Hitmetrix - User behavior analytics & recording

For Facebook, Curiosity Wins Out

Facebook has altered the look and feel of its trending topics, eliminating the human curators and the description of the topic.

Now, all that exists is a proper name or subject and how many people are talking about it. It has put Facebook squarely into the manufacture of clickbait, the dreaded publishing tactic that Facebook itself spent plenty of effort trying to delegitimize. 

Facebook, of course, eliminated the human editors because of allegations of political bias, acting favorably towards liberal topics, subjects, and articles. By removing the humans, it removed the ability to write descriptions for the topics. So, now we’re left with scant information, but loads of curiosity.

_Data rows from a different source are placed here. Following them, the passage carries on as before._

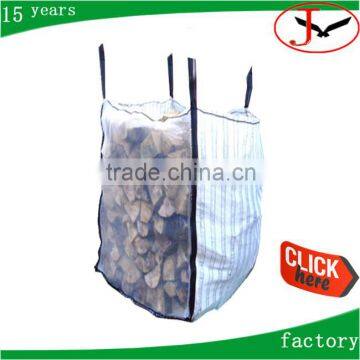 1ton firewood jumbo ton bag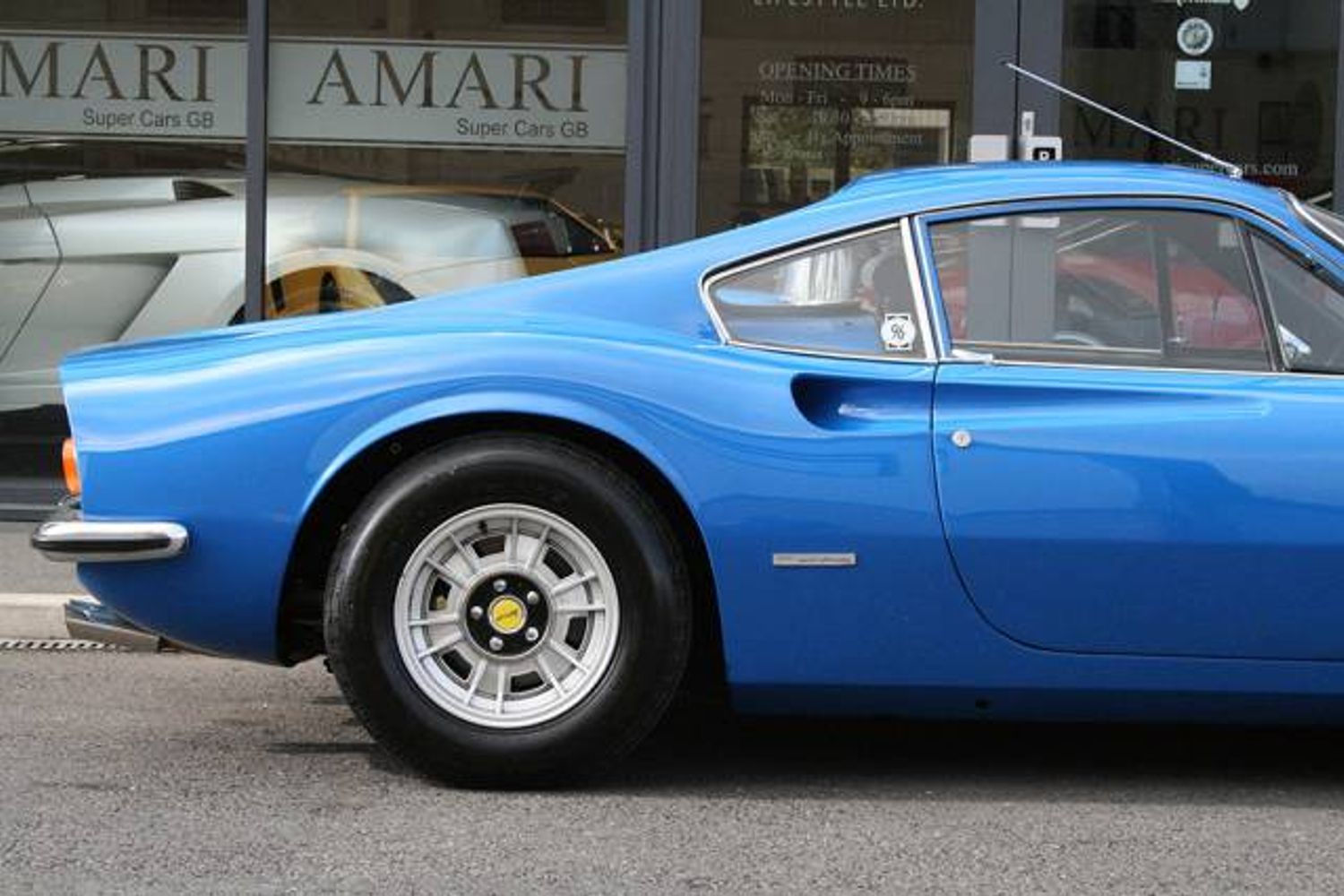 FERRARI 246 GT DINO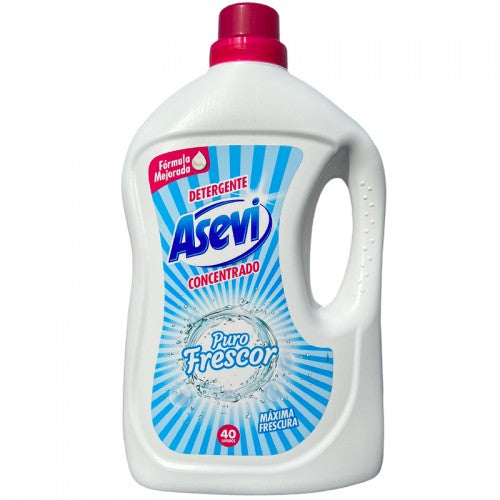 Puro Frescor Detergent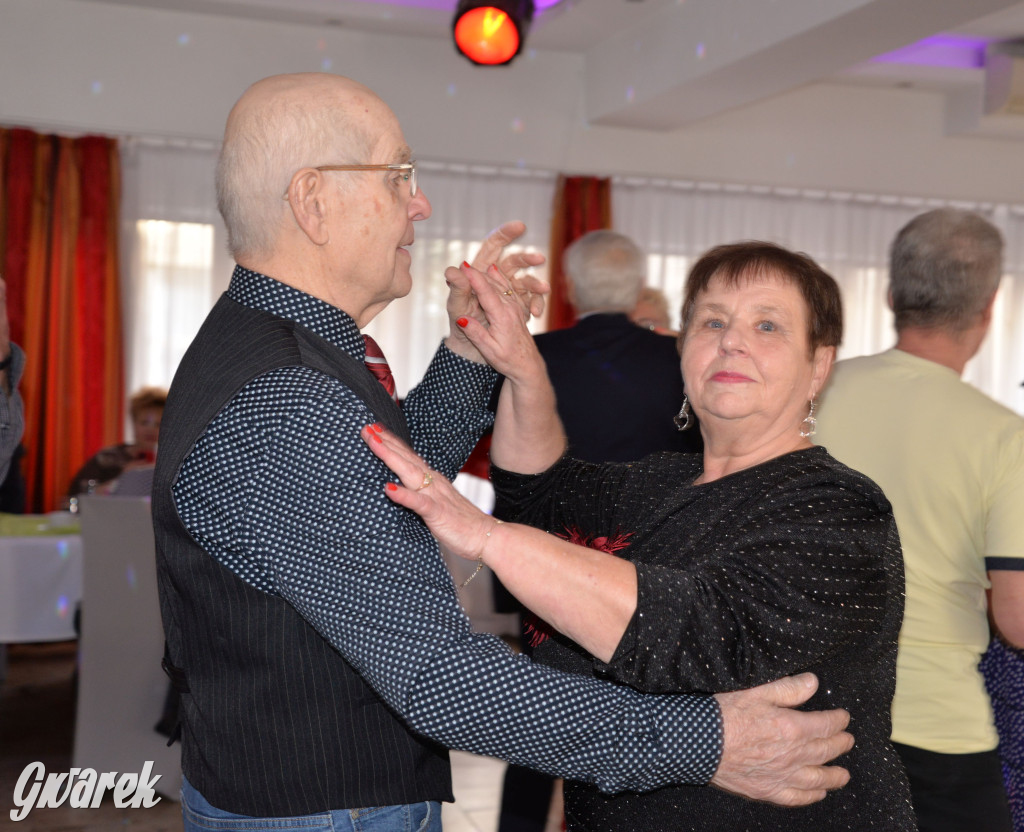 Tarnowskie Góry. Seniorzy potrafią się bawić!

While internet culture has not agreed upon a common definition of clickbait*, many point towards its exploitation of the curiosity gap, which explains the phenomenon when a headline gives you just enough information to want to click on the link to read the article. Clickbait occurs when the article fails to live up to the promise of the headline.

Facebook has taken this into a new direction. There’s no headline, so perhaps it’s not technically clickbait. But there’s also no context as to why the person is trending (which, I guess, has always been the case with Twitter’s trending topics). If it’s a celebrity, maybe he or she died, or maybe he or she released a new fragrance. 

It will lead to daily doses of disappointment, something that Facebook fought so hard against for so long. 

* Is this very headline clickbait? Maybe!